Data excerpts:
§

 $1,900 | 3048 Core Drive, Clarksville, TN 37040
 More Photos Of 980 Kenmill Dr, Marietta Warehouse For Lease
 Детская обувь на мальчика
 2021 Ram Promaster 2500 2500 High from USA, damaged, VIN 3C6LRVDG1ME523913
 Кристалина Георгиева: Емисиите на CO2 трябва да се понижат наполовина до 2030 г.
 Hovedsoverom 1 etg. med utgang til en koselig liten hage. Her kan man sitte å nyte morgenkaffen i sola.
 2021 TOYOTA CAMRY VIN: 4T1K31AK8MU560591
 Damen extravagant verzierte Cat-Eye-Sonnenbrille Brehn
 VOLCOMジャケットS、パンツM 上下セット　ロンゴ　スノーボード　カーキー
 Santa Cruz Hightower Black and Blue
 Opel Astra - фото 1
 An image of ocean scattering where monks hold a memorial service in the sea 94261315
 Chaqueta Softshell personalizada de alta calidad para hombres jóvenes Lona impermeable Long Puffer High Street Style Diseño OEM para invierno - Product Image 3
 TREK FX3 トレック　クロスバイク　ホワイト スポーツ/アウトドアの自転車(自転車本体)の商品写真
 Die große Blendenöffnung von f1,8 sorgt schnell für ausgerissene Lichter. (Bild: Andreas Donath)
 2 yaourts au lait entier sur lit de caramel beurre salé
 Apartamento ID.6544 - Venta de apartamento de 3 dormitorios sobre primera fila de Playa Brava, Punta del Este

§

Work task ▸ Taking the line containing "Opel Astra - фото 1" as the first, please return it and every line after it through the end of the entries, exactly and only those.

Exercise result ▸
 Opel Astra - фото 1
 An image of ocean scattering where monks hold a memorial service in the sea 94261315
 Chaqueta Softshell personalizada de alta calidad para hombres jóvenes Lona impermeable Long Puffer High Street Style Diseño OEM para invierno - Product Image 3
 TREK FX3 トレック　クロスバイク　ホワイト スポーツ/アウトドアの自転車(自転車本体)の商品写真
 Die große Blendenöffnung von f1,8 sorgt schnell für ausgerissene Lichter. (Bild: Andreas Donath)
 2 yaourts au lait entier sur lit de caramel beurre salé
 Apartamento ID.6544 - Venta de apartamento de 3 dormitorios sobre primera fila de Playa Brava, Punta del Este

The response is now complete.